The bulk of tooling, along with many parts and assembled horns, were relocated to a former Buescher plant on Main Street in Elkhart Indiana where production started in January 1965.

Horns of this period featured an increase in the thickness of bell-making stock to 0.025" from the 0.020" New York standard that was reclassified in Elkhart as lightweight, and denoted by a star on the bell. The wire inside the rim bead changed to being steel and can be detected using a magnet.

Selmer's "Signet" line of trumpets, cornets, and trombones debuted in 1968, and was advertised as "designed by Vincent Bach." Likewise, the "Mercedes" and "Mercedes II" models of 1969.

Elkhart
- Time frame: ca. 1974 - 2010
- Products: Mouthpieces, Brass Instruments
- Brand names: Stradivarius, Bundy(brand retired mid-80s), Bach, Prelude (imported stencil product introduced after 2000)
- Location: 600 Industrial Parkway, Elkhart, Indiana
- Serial Numbers: around 110,000 - around 525,000

Less than a decade after starting-up the Main Street plant, production moved again to a Conn factory belonging to the Selmer Company on Industrial Drive in Elkhart, alongside of which the Conn-Selmer corporate offices are located presently. The Bach line of brass instruments continues to be made in Elkhart, Indiana, using the same blueprints and the same techniques as the originals. They are sold as a premium brand under the name “Bach Stradivarius” as well as the student line “Bach” horns, manufactured in Eastlake Ohio.

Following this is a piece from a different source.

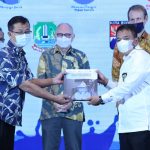 Lima Tahun Kolaborasi Jabar-USAID Tingkatkan Akses Air Minum dan Sanitasi Aman Bagi Masyarakat Perkotaan yang Rentan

Design changes that followed included transitioning from the 2-piece valve casings Bach had always used to a more cost-effective, but lighter, single tube casing. At some point the rim wire was also changed back to brass.

Sales of Bach instruments remained strong, as did market reputation through the 1970s and 1980s, but in the 1990s both the size of the workforce and the warranty costs began to increase dramatically. Sales decreased at the same time. A strike in 2006 (see below) then led to significant changes in staffing and work rules, many of which had been transplants from automotive repetitive manufacturing that were applied to the job-shop format of an instrument maker.

Modern
- Time frame: ca. 2010–Present
- Products: Mouthpieces, Brass Instruments
- Brand names: Stradivarius, Bach, Prelude (imported stencil product), Aristocrat (imported stencil product)
- Location: 600 Industrial Parkway, Elkhart, Indiana
- Serial Numbers: 525,000 -

Changes continued at the Bach facility after reorganization. Long time employee Tedd Waggoner took the lead role in the company until his retirement in 2019. Minor changes to design such as a longer receiver and reintroducing the oldest Bach bell taper happened during this period, as did the ramping-up of a new 190 series of "Artisan" trumpets that replicated the 2-piece casings and steel rim wire of Early Elkhart production. New private owners began an aggressive program of upgrading to automated CNC lathes and milling equipment as well as robotic buffers in 2017. The Chicago C trumpet, reintroduced earlier through the joint efforts of Waggoner and retired engineer / Bach historian Roy Hempley (1940–2020) expanded in sales and was augmented by a "Philadelphia" C.

===Strike===
On 1 April 2006, workers at the Bach plant in Elkhart began a strike that lasted three years. The main issues were the union's desire to preserve employee compensation and company's goals to increase product quality. Production was interrupted until the company hired replacement workers, and roughly a third of the strikers returned to work. The strike ended when workers voted to dissolve the relationship between the company and the United Auto Workers union.